— TO DO —
Stop after the line that contains "с Юрой Борисовым". Until then, retype each line of the entries exactly from the first one, skipping pictures.

##### DATASET EXTRACT

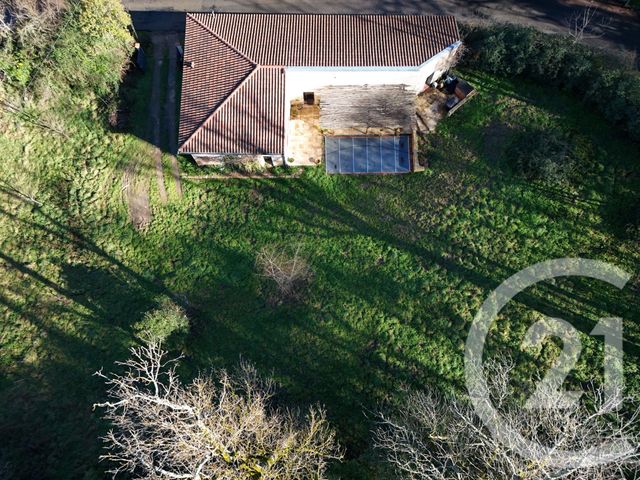 Maison &agrave; vendre - 4 pi&egrave;ces - 133,77 m2 - Montaigut Sur Save - 31 - MIDI-PYRENEES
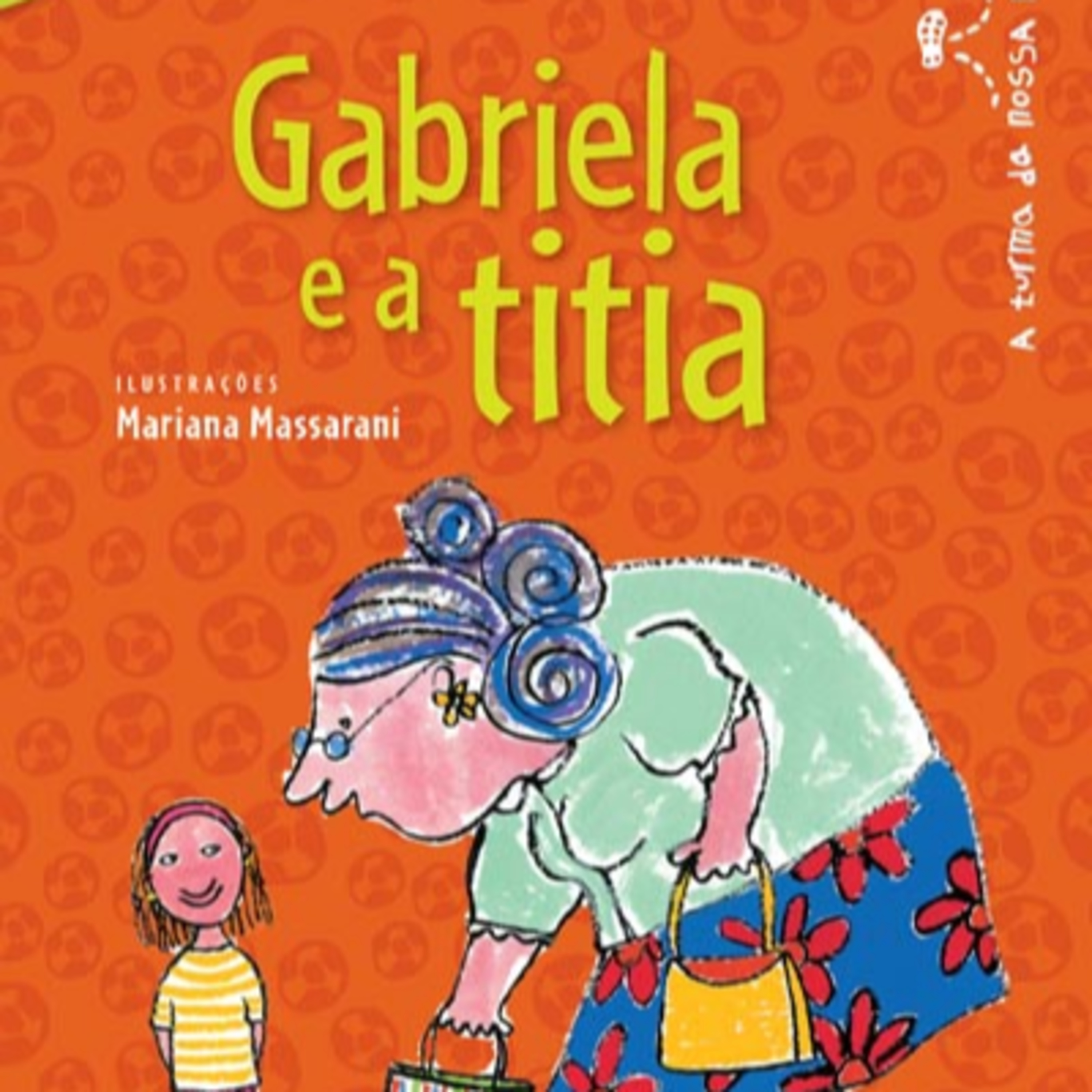 Tatiana Costa - Bibliotecária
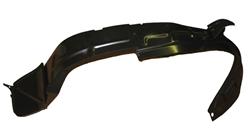 Real Deal Steel Inner Fenders for 1956-1957 BEL AIR, ONE-FIFTY SERIES, TWO-TEN SERIES - WHPCL-67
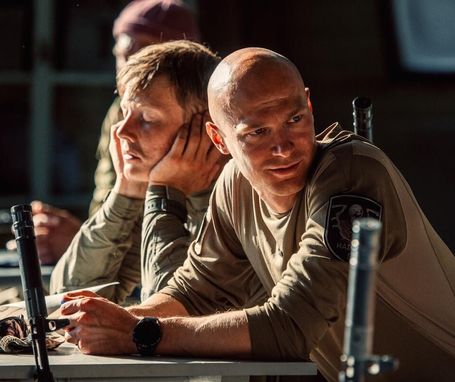 Вышел трейлер «Девятой планеты» с Юрой Борисовым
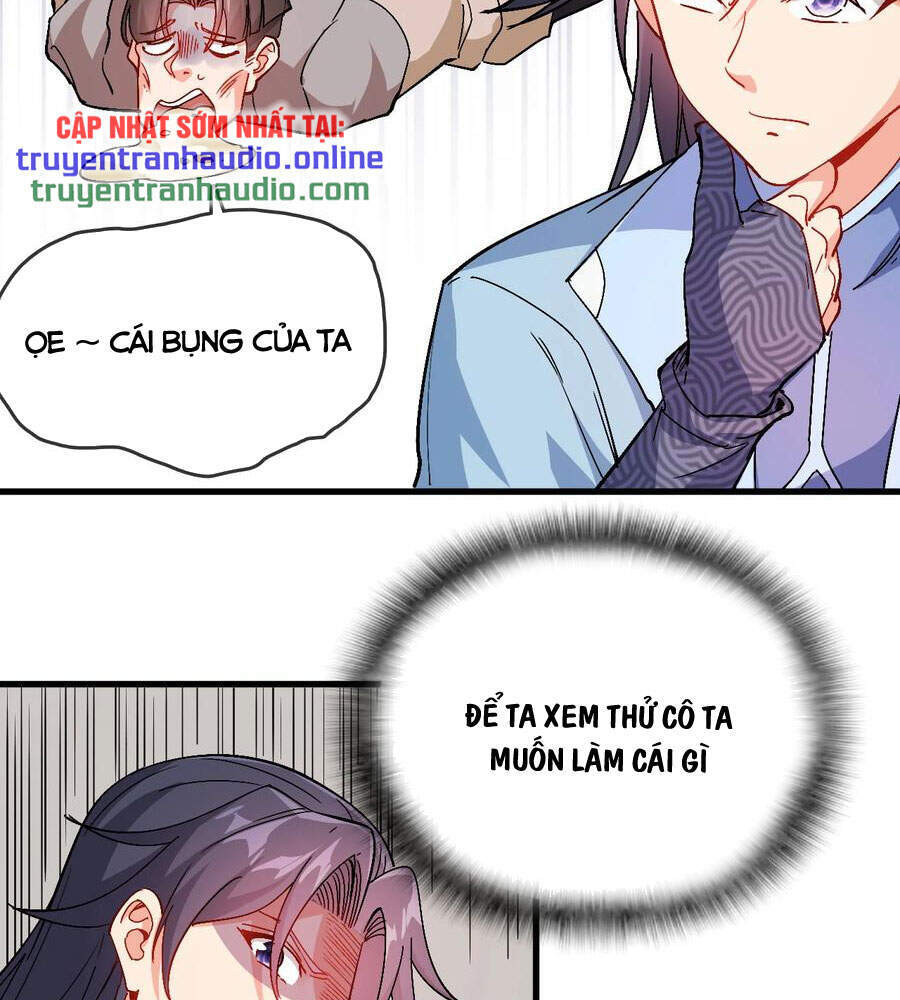 Anh Hùng Bàn Phím Tu Tiên Chapter 35 - 2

##########

— YOUR SOLUTION —
 Maison &agrave; vendre - 4 pi&egrave;ces - 133,77 m2 - Montaigut Sur Save - 31 - MIDI-PYRENEES
 Tatiana Costa - Bibliotecária
 Real Deal Steel Inner Fenders for 1956-1957 BEL AIR, ONE-FIFTY SERIES, TWO-TEN SERIES - WHPCL-67
 Вышел трейлер «Девятой планеты» с Юрой Борисовым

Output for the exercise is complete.